There are still some beetling giant heads to browbeat us, but the 47 finalists from 2015 make a seriously interesting show.
The Archibald Prize on on show at Lake Macquarie City Art Gallery until June 5. artgallery.lakemac.com.au.
Four flavours at 139
THE latest exhibition at Gallery 139 until June 4 brings together four very different artists.
Sieglinde Battley’s four paintings layer images from rich deposits of imagination, part literary, part autobiography, part exotic visitations from the subconscious. Unravelling context takes time in pleasurable puzzling. She is a self-generating artist with a reputation for the unexpected both in Australia and in Europe.
Matthew Tome is also widely represented. His series of small multiple-plate etchings plays theme and variations on an electronic subject with sophisticated simplicity.
Lynette Bridge, at a different stage in her career, deploys many mediums in cloudy nuance, while John Heaney’s sculptural stoneware pots ape metal, marble and cement in bold folded forms.
Visit the gallery at 139A Beaumont St, Hamilton. gallery139.com.au.
NEWLY installed at Maitland Regional Art Gallery, in the tall void of the atrium, is a flock of airy textile objects made by fibre artist Michaela Swan since she returned from studying collections of textiles as the Brenda Clouten Memorial Travelling Scholar.
The items are constructed from ripped-up old sheets, which are then arm knitted. (I understand there is a video of this arcane technique).
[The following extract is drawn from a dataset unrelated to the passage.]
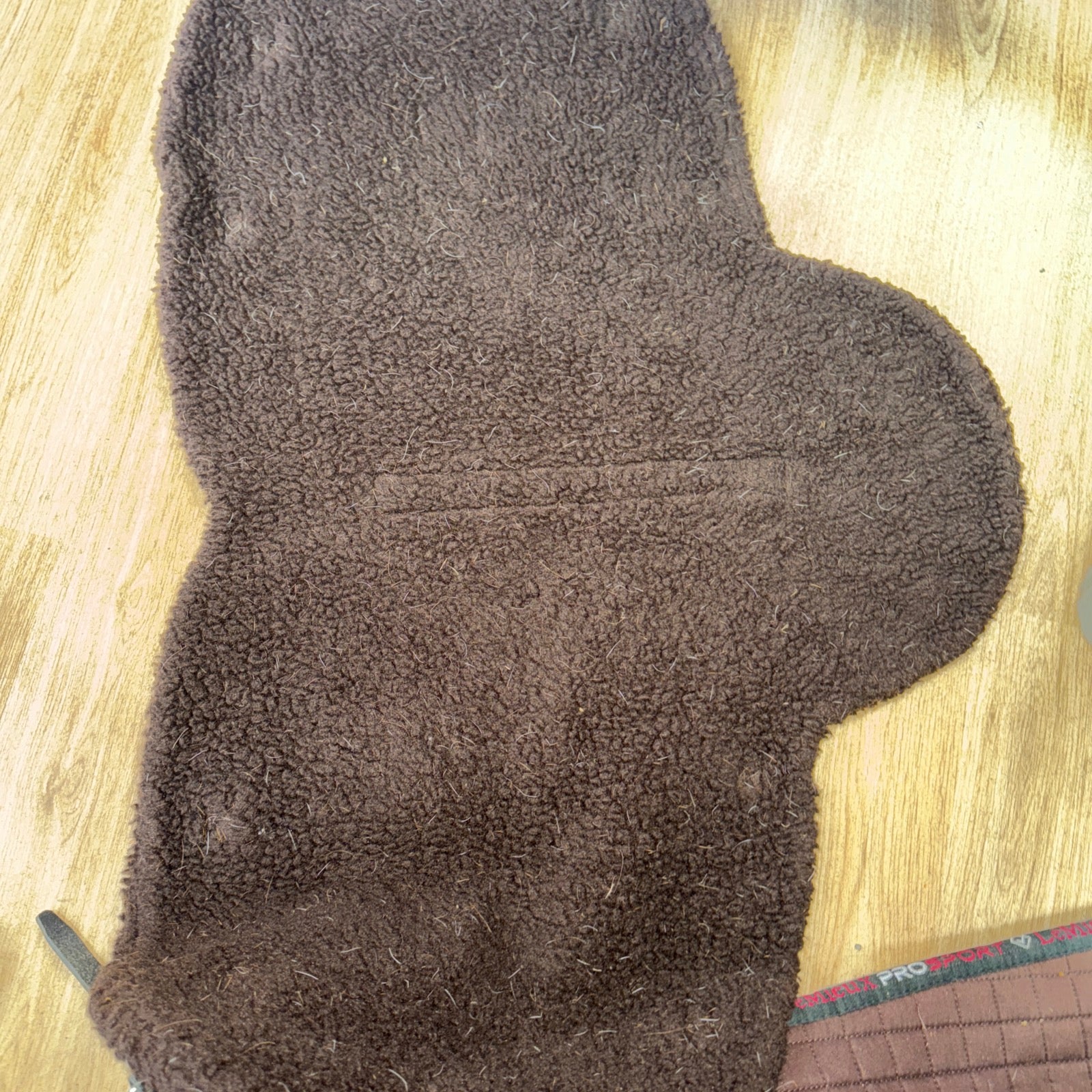 Supreme Products Brown Fleece Numnah 18” - Showing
The resulting patterned rectangles are suspended by several corners into relaxed hammock-like shapes, bellying in freely twisting flight, another example of innovative recycling and sculptural use of textiles.
The Arm Knitting Project is showing until June 5. mrag.org.au.
A NOTABLE addition to the ground floor exhibition at Newcastle Art Gallery is a huge dramatic work by Peter Gardiner.
Painted in 2010, it offers comment on the damaged environment, with a bushfire consuming the forest on one side and a distant railway viaduct crossing the polluted valley floor on the other.
This is landscape painting in the grand tradition, its romantic allure undercut by a strange slithery paint surface and an ironic confidence, confirming the stature of this Newcastle-based mid-career artist.
Nanshe off to London
A POPUP exhibition at Nanshe last weekend was a promotional preview for a coming venture into Europe.
Naomi Wild and Barbara Nanshe are now making final arrangements to exhibit in London from August 30 to September 5 at Chelsea Gallery. Two days later they open in Berlin, hiring a gallery space in trendy Neukölln until September 20.
It’s an ambitious undertaking, though with the work of each artist strongly slanted to a feminist aesthetic, they may well find access to a readymade public.
Barbara Nanshe is well known in Newcastle as a silversmith, but her travelling works incorporate wearable fetish doll figures into woven wall pieces made from coated wire.
She will also take her traditional pieces incorporating semi-precious stones and plastics for instant sale.
Art therapist Naomi Wild also uses the female archetype in art nouveau-influenced fabric works. Her work is a further example of the enhanced use of textiles, using elaborate new techniques.
This bold venture is seeking crowd funding through the agency of the Australian Cultural Fund.